ABSTRACT

In Jeanette Winterson’s story of existential meditation, “A Green Square,” the narrator ponders the significance of a recurring memory of sailing in a small boat on the gleaming Irish Sea and experiencing a happiness as clear, deep, and glimmering as the sea itself. Why does this image return again and again, the narrator wonders, and what could it signify?:

The vulnerability of it. The insolence. Isn’t that the winning human combination? Isn’t that us, tumbling through the years? To suffer. To dare. Now, the sufferers don’t dare and the darers don’t suffer. Perhaps that’s what’s wrong with us all. Wrong with now, sharded people that we are. (2000, 201)

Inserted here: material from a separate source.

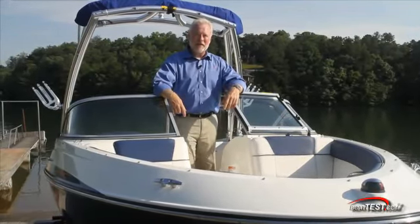Bayliner has put a lot of thought into the ease and use of operation of all their boats. This was our look at trailering, launch, and recovery. For BoatTest.com, I'm Captain Jim. See you on the next one.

Although in this short passage Winterson’s narrator pairs vulnerability with suffering and insolence with daring, and so at first glance seems to conceive vulnerability in the same reductively negative way as the accounts described in the previous chapter, there is more to this literary invocation of vulnerability. The error of the present—“what’s wrong with us all” and “wrong with now”—is the separation of suffering and daring, of vulnerability and insolence. In the lines that follow—“The boat in the water. At every turn the waves threaten. At every turn I want to push a little further, to find the hidden cove, the little bay of delight, that fear would prevent” (ibid)—it is apparent that the joy and clarity that accompanies this image arise only from the unique combination of vulnerability and insolence. The vulnerability of being at sea surrounded by waves that might overcome one’s small craft is what impels the narrator onward. It is only in being vulnerable that one can truly dare. Without the accompaniment of vulnerability, daring fails to be a way to risk oneself and becomes mere self-assertion or even domination. Without the accompaniment of a certain temerity, vulnerability can be mere suffering. The challenge, the joy comes from being vulnerable in one’s daring.